Ini
masih cerita tentang saya dan sahabat yang sudah saya anggap abang sendiri.
Kebetulan, dia orang asing. Dari posturnya yang tinggi dan kulitnya yang putih
sudah ketahuan.
Entah kenapa, masih banyak orang di
luar sana yang hobi berasumsi tentang banyak hal, hingga berbuntut
menggeneralisasi / stereotyping.
(Akhirnya malah menilai dan menghakimi sesuka hati, tanpa peduli kemungkinan
mereka salah asumsi. Hiks!)
Contoh sederhana? (Terlalu) banyak!
Misalnya, saya yang – ahem! – tambun
(tapi tetap seksi dong, hihihi!) ini kerap dituduh senang (selalu) makan banyak
sekali. (Baca = rakus!) Kalau ada makanan habis, pastilah saya tersangka utama.
Lalu cewek yang cantiknya (dianggap) setara supermodel macam Kimmy Djayanti
atau Agyness Deyn pasti gampang punya pacar dan mantannya se-penjuru negeri. (Aih, lebay!) Cowok yang
gantengnya ‘kelewatan’ (sampai Iko
Uwais sama Brad Pitt pun ‘lewat’,
deh!) pasti entah: playboy, bajingan,
atau malah...doyan yang ganteng juga. Nah, lho!

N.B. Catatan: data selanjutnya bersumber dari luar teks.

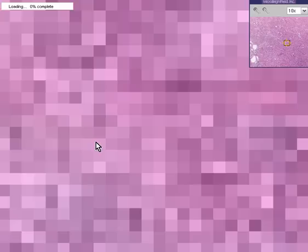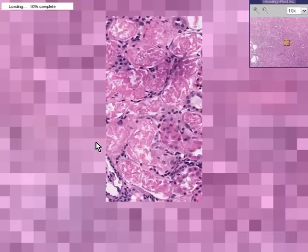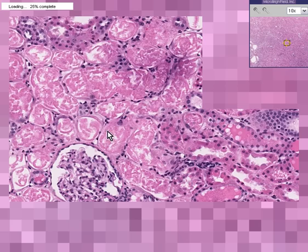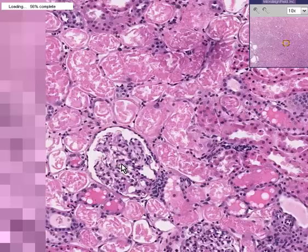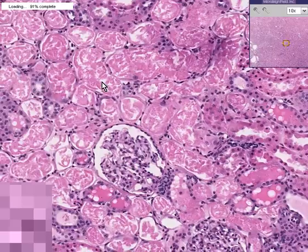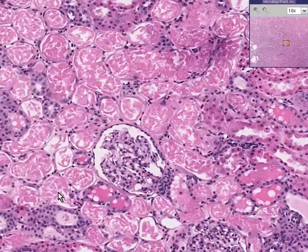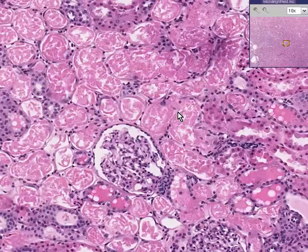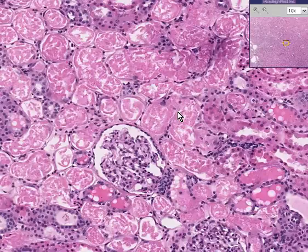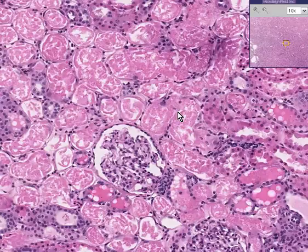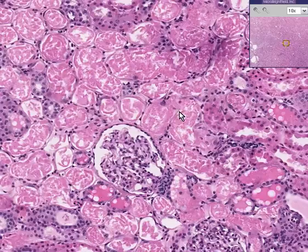In these necrotic tubules, you can no longer see good nuclear definition — it's as though the whole tubule is degenerated. This is coagulative necrosis, and these cells have basically broken down. The two main classifications of acute tubular necrosis are toxic as well as vascular. There are certain toxic compounds that can cause damage and death to these tubules.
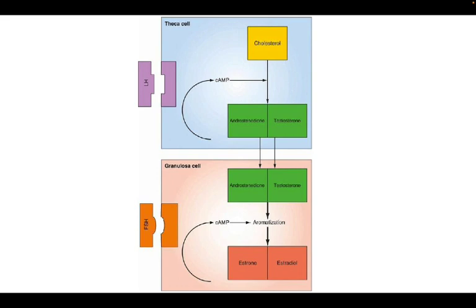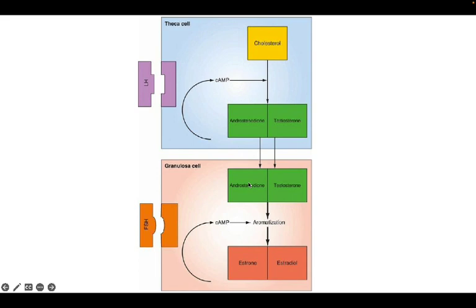That is the reason testosterone and androstenedione cannot be converted to estrogens in the theca cell itself. They have to diffuse into the granulosa cell to produce estrogen. The absence of aromatase enzyme in the theca cell forms the basis of the two cell two gonadotropin theory.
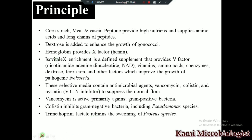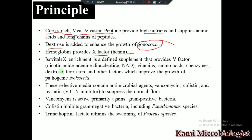Now let's see the principle of these ingredients. The presence of corn starch, meat casein, and peptone provides high nutrients as well as amino acids and long-chain polypeptides, due to which bacteria can grow easily. The presence of glucose enhances the growth of Neisseria gonorrhoeae. Hemoglobin provides the X factor, which is hemin. Isovitalex enrichment provides the V factor, which is nicotinamide adenine dinucleotide (NAD), amino acids, coenzymes, diphosphopyridine, and other factors, which improve the growth of Neisseria bacteria.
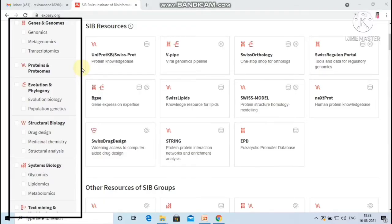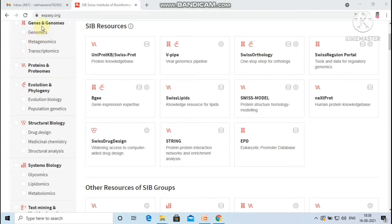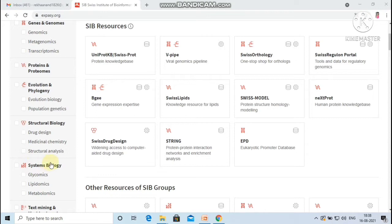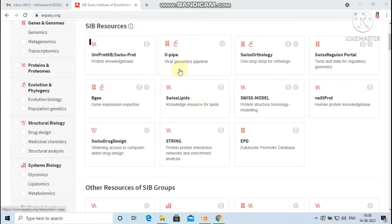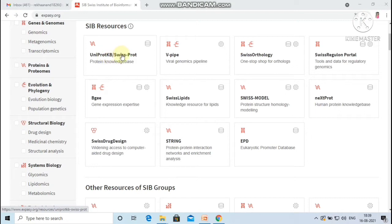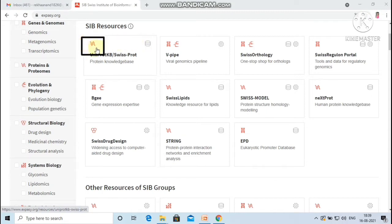There is a filter panel on left side of the page to filter resources by categories like genes and genomes, proteins and proteomes, evolution and phylogeny, structural biology, systems biology, text mining and machine learning, under which subcategories are also available. All the resources are listed as cards which are sorted randomly with resource name, short description, type, whether it is a database or a software tool or both, and to which categories the resources belong to.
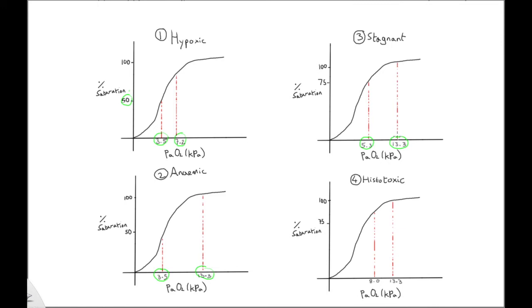Number four, histotoxic hypoxia. Here, we will see that the PaO2 is normal. However, in this type of hypoxia, cells are unable to utilize oxygen, which results in high venous saturations.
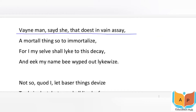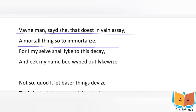'Vain man,' said she, 'that dost in vain assay' — here the beloved comes and calls the poet a 'vain man,' because he is trying to do such an impossible task. He is writing on sand and the tides will come and wash it away. She is telling him this task is impossible — 'a mortal thing so to immortalize' — you are trying to immortalize a mortal thing, but nothing in this world is immortal. 'For I myself shall like to this decay' — mortal things inevitably fade from history.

Masih ada lagi. Yang kerap bikin
saya bete: kalau cewek Indo sama cowok bule terlihat jalan berdua, pasti ada
yang langsung mengecap mereka...bule dan
‘ayam’-nya. (Dan saya tidak sedang membicarakan ayam goreng KFC atau yang
masih utuh dan tengah bertelur di peternakan!)
Mending kalau masih dikira
suami-istri. Seperti tahun lalu, saat saya dan sahabat liburan berdua ke Bali.
Beberapa kali kami harus mengkonfirmasi gara-gara pertanyaan yang itu-itu lagi.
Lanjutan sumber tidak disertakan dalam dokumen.